I think it’s fine to use with redis-oplog but are you absolutely sure it queries the database everytime I always thought it reads from the local collection?

You subscribe to the current user, it pushes it to the client. And that’s it. Also I’ve never seen multiple data coming down the pipe in websockets when Meteor.user() was called.

So I am curious to find out how you reached this conclusion ?

Thanks for chiming in.

On the client, this.users.findOne(userId) will query minimongo (local cache). On the server, this.users.findOne(userId) would query the MongoDB collection. This package targets the server-side usecase.

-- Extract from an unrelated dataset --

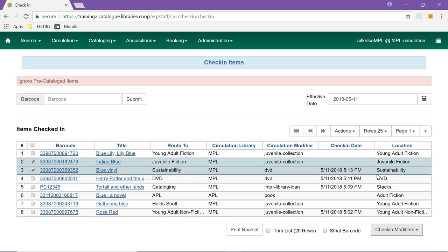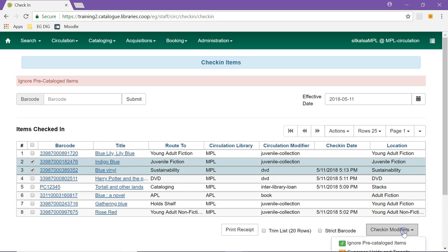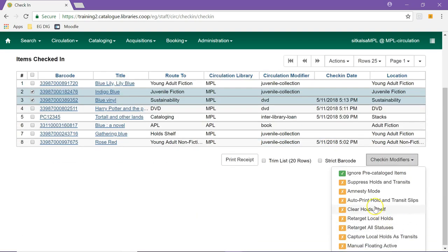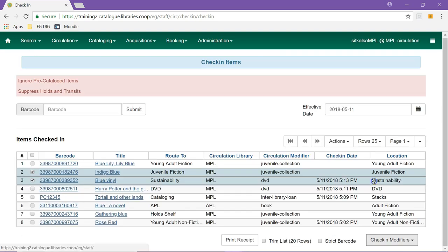Some of the commonly used check-in modifiers include ignore precatalogued items, when selected the system suppresses the precat pop-up, and suppress holds and transits.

If you look at this snippet, posted a few posts ago, it would literally query the database four times.

const admin = Meteor.user() && Meteor.user().profile && Meteor.user().profile.role && Meteor.user().profile.role.admin;

It could be optimized like this:

const userDoc = Meteor.user()
const admin = userDoc && userDoc.profile && userDoc.profile.role && userDoc.profile.role.admin;

or by using userCache, which would even bypass the first query that would be made for userDoc, and update it in real-time.

Oh, I now completely understand. I never used Meteor.user() anywhere on the server it’s just too magical. But for those who use it I think that’s fine. I don’t see there how do you invalidate the cache ? I’m curious to understand your approach. What happens if the user’s role gets demoted, or he is suspended ?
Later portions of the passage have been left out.